*** MATERIAL FOR THIS EXERCISE ***

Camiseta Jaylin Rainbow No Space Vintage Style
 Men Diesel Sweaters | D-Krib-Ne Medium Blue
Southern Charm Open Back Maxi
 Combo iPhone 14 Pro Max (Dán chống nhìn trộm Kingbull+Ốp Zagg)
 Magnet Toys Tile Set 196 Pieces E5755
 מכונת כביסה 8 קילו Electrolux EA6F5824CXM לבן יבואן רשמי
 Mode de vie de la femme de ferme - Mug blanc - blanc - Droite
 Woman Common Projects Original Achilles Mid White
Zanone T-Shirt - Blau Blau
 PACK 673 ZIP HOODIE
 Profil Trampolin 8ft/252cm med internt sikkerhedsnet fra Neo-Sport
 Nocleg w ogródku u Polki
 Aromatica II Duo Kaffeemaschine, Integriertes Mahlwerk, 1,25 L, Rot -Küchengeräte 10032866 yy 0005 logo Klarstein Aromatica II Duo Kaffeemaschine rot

*** End of MATERIAL FOR THIS EXERCISE ***

* WHAT TO DO
Make an exact copy of all the entries above.

* YOUR SOLUTION
Camiseta Jaylin Rainbow No Space Vintage Style
 Men Diesel Sweaters | D-Krib-Ne Medium Blue
Southern Charm Open Back Maxi
 Combo iPhone 14 Pro Max (Dán chống nhìn trộm Kingbull+Ốp Zagg)
 Magnet Toys Tile Set 196 Pieces E5755
 מכונת כביסה 8 קילו Electrolux EA6F5824CXM לבן יבואן רשמי
 Mode de vie de la femme de ferme - Mug blanc - blanc - Droite
 Woman Common Projects Original Achilles Mid White
Zanone T-Shirt - Blau Blau
 PACK 673 ZIP HOODIE
 Profil Trampolin 8ft/252cm med internt sikkerhedsnet fra Neo-Sport
 Nocleg w ogródku u Polki
 Aromatica II Duo Kaffeemaschine, Integriertes Mahlwerk, 1,25 L, Rot -Küchengeräte 10032866 yy 0005 logo Klarstein Aromatica II Duo Kaffeemaschine rot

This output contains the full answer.